* [Exercise directions]:
In the entries below, find the line with "Original Fashion Watch" and print exactly every line from there up to and including the line with "คีย์บอร์ดเกมมิ่งมีสาย USB YINDIAO", with no other lines.

* [Provided records]:
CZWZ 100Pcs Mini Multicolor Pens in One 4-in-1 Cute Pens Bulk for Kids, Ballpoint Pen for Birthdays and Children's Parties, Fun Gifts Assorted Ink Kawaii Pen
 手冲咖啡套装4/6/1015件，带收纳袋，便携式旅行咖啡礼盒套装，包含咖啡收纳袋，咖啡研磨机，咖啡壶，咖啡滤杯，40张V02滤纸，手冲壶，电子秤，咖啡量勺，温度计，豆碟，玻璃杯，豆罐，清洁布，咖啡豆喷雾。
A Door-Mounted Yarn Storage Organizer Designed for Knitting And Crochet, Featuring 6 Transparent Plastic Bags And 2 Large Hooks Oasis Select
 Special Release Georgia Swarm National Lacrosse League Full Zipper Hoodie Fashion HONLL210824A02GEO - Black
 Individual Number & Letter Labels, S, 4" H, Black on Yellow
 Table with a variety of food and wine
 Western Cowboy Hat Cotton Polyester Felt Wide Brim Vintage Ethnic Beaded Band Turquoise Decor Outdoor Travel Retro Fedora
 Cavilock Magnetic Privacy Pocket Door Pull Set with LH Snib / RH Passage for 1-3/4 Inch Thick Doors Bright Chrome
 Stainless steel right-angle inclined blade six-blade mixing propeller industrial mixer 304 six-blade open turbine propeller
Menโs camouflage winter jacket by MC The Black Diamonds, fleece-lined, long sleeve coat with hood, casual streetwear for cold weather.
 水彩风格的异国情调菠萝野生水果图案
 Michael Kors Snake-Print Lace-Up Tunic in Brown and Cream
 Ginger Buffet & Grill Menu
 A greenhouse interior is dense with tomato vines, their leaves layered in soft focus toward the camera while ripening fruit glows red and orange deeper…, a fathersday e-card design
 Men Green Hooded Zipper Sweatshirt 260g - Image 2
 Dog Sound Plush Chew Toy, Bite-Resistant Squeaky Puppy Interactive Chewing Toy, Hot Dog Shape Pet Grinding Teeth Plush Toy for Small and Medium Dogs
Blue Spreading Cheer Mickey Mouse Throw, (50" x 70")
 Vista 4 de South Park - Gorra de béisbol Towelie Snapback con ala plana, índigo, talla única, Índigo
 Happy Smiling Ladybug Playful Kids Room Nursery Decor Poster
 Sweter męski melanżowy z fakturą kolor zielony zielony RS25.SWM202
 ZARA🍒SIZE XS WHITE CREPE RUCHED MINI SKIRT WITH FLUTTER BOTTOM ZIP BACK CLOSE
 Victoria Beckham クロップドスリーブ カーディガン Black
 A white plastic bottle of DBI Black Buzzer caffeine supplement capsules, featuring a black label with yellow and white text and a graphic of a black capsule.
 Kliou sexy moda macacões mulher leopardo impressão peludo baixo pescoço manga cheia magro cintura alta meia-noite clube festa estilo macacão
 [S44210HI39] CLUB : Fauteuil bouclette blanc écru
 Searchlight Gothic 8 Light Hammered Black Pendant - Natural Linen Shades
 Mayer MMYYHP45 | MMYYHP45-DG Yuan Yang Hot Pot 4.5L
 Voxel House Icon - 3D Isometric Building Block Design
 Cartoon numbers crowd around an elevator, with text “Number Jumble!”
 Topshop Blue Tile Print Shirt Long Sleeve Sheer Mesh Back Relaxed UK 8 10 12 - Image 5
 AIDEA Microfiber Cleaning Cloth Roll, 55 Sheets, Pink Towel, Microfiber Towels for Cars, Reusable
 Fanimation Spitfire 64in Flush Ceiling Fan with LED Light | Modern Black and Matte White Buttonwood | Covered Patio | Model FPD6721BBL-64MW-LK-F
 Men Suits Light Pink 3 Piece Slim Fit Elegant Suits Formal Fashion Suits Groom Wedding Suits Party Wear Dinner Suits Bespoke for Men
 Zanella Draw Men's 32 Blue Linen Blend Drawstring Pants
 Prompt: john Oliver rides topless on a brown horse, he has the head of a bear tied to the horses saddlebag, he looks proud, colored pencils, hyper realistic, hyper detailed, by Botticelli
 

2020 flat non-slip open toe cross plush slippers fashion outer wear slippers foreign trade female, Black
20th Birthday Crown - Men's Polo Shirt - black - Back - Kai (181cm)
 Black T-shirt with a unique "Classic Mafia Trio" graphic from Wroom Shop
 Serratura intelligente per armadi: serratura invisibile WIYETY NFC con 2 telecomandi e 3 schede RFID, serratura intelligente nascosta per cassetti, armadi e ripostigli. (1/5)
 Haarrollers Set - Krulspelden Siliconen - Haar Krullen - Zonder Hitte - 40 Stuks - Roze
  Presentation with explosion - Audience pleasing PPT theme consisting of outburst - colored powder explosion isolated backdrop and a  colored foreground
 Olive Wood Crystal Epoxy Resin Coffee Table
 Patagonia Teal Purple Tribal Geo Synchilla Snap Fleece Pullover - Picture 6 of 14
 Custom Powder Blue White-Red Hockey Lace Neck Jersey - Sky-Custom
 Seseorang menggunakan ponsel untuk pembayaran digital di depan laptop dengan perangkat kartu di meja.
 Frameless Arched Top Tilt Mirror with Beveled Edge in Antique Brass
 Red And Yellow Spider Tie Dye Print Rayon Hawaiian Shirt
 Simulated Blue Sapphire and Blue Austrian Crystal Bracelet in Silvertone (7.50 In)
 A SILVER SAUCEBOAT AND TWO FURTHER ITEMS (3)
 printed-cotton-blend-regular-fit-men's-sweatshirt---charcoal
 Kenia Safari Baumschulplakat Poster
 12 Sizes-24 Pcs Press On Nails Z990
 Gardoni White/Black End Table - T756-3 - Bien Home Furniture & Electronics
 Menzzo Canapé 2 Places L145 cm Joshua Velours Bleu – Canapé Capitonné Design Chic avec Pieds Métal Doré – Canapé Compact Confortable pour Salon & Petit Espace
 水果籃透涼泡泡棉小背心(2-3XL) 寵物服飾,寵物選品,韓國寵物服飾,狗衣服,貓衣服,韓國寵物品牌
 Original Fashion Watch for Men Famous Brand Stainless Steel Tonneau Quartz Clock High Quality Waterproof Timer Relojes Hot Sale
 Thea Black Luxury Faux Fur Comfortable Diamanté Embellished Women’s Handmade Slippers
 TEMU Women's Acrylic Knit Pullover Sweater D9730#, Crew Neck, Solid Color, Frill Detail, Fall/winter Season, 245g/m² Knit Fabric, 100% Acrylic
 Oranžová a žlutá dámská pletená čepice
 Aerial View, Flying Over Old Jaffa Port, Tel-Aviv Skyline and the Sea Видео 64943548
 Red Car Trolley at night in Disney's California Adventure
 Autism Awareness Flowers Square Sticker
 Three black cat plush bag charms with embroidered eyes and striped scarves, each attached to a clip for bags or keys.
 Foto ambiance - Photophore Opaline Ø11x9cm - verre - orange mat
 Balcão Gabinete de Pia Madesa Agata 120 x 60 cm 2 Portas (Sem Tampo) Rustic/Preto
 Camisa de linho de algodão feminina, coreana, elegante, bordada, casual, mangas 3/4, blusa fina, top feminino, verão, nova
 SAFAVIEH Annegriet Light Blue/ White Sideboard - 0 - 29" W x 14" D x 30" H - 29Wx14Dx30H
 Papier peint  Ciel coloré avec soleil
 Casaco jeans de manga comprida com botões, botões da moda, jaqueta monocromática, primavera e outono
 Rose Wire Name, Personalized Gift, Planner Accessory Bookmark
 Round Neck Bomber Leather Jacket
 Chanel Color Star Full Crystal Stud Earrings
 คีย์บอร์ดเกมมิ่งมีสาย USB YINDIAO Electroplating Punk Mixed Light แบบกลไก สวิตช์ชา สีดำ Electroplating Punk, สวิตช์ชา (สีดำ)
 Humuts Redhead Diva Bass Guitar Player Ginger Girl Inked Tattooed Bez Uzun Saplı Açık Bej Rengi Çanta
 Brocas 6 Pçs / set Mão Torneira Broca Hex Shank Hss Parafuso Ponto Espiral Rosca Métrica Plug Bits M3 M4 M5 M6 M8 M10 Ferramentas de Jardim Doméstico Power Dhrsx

* [Solution for this problem]:
 Original Fashion Watch for Men Famous Brand Stainless Steel Tonneau Quartz Clock High Quality Waterproof Timer Relojes Hot Sale
 Thea Black Luxury Faux Fur Comfortable Diamanté Embellished Women’s Handmade Slippers
 TEMU Women's Acrylic Knit Pullover Sweater D9730#, Crew Neck, Solid Color, Frill Detail, Fall/winter Season, 245g/m² Knit Fabric, 100% Acrylic
 Oranžová a žlutá dámská pletená čepice
 Aerial View, Flying Over Old Jaffa Port, Tel-Aviv Skyline and the Sea Видео 64943548
 Red Car Trolley at night in Disney's California Adventure
 Autism Awareness Flowers Square Sticker
 Three black cat plush bag charms with embroidered eyes and striped scarves, each attached to a clip for bags or keys.
 Foto ambiance - Photophore Opaline Ø11x9cm - verre - orange mat
 Balcão Gabinete de Pia Madesa Agata 120 x 60 cm 2 Portas (Sem Tampo) Rustic/Preto
 Camisa de linho de algodão feminina, coreana, elegante, bordada, casual, mangas 3/4, blusa fina, top feminino, verão, nova
 SAFAVIEH Annegriet Light Blue/ White Sideboard - 0 - 29" W x 14" D x 30" H - 29Wx14Dx30H
 Papier peint  Ciel coloré avec soleil
 Casaco jeans de manga comprida com botões, botões da moda, jaqueta monocromática, primavera e outono
 Rose Wire Name, Personalized Gift, Planner Accessory Bookmark
 Round Neck Bomber Leather Jacket
 Chanel Color Star Full Crystal Stud Earrings
 คีย์บอร์ดเกมมิ่งมีสาย USB YINDIAO Electroplating Punk Mixed Light แบบกลไก สวิตช์ชา สีดำ Electroplating Punk, สวิตช์ชา (สีดำ)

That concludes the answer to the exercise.